Whatever plans I might have had, I found that once I met Jai McDowall, he is actually a really genuinely nice bloke, and however cynical I might be towards what I perceived as manufactured music, things are not as black and white as we might want to think.
So, has it been a rollercoaster year since winning Britain’s Got Talent?
‘Very much so,’ he says, pleased as punch. ’Well, half a year then! [the final took place in April]. It’s been crazy – good crazy – but nuts!’
There are a number of musicians – including those who like to show themselves as being ‘indie’ who have been through the BRITS school. Jai, on the other hand, is not of that ilk. In fact, a year ago, he was a working as a carer with young disabled people. ‘It’s completely different, obviously from doing that, it’s not like going to another job just down the road.
‘It’s been a good thing though, it’s something I always wanted to do, and I have the opportunity now to do it. It’s a weight off my shoulders as such [making his dream come true]. It’s also strange because I’ve spent most of my life dreaming that I’d do this, and now it’s here it’s like…strange.’
Whilst some people run off to the bright lights of London at the first sniff of success, Jai still lives in the Ayrshire town of Tarbolton, where he grew up. ‘It’s good to go to London – but there’s nothing quite like home. When I do gig up in Scotland it’s obviously a better reception because I’m one of you guys.’

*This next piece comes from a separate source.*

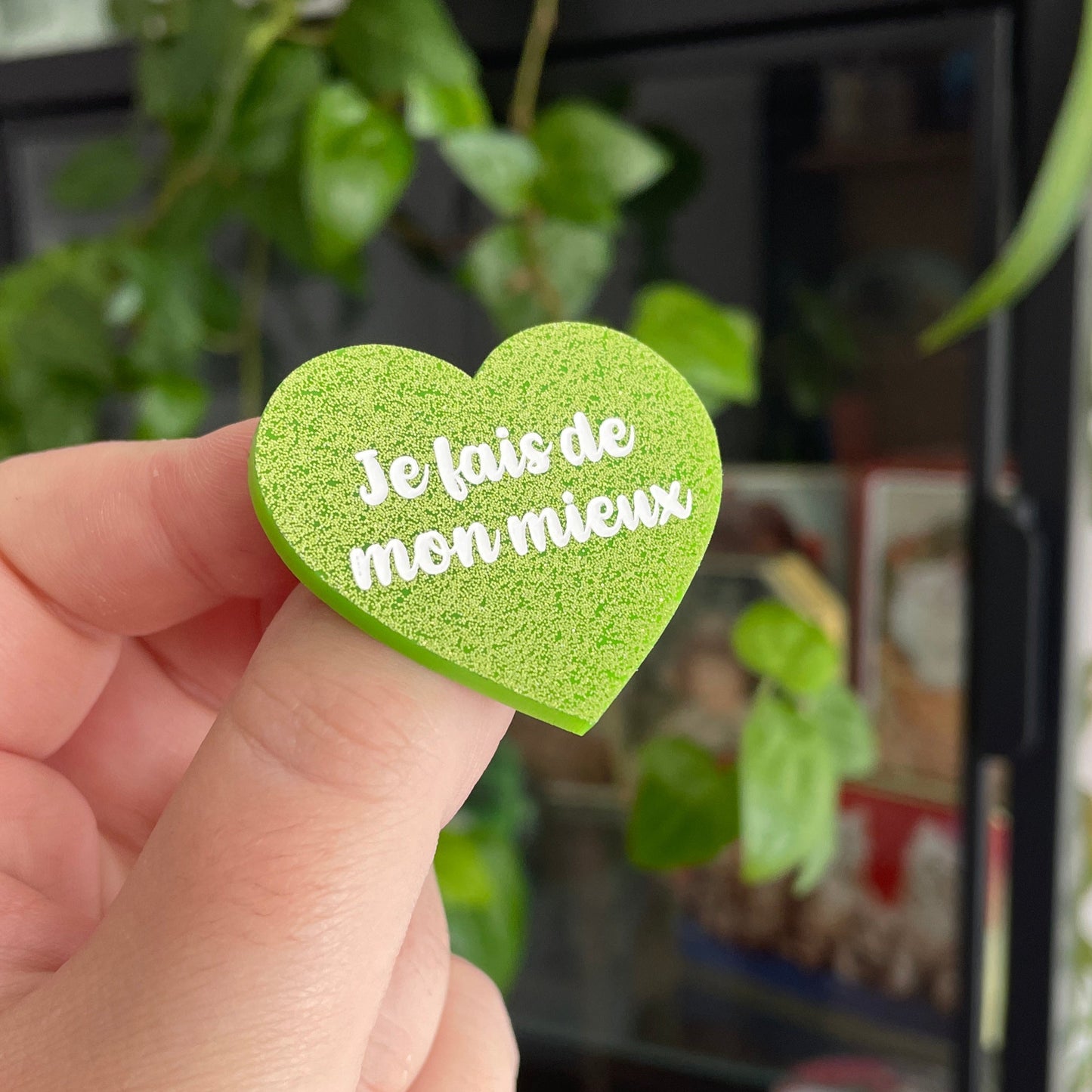 Broche "Je fais de mon mieux" en acrylique verte à paillettes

With the first single ‘With Or Without You’ and album Believe due out on December 12, is he going for the Christmas no.1. ‘I’d love it, I’d definitely love it – we’re trying to get it to coincide with the Royal Variety Show as well.’ Anyone who doubts that a single performance can have an impact on a song would do well to remember just how big ‘Someone Like You’ by Adele became after her BRITS performance earlier this year. But with there being an increasing kick against the likes of Britain’s Got Talent and the X-Factor –with the X-Factor’s Joe McElderry losing out to Rage Againast The Machine in a Facebook-orchestrated campaign in 2009 for the Christmas no.1 and a similar campaign planned for this year with Nirvana’s ‘Smells lIke Teen Spirit’ the protestors’ weapon of choice. Would it disappoint him if ‘With Or Without you’ only got to No.2?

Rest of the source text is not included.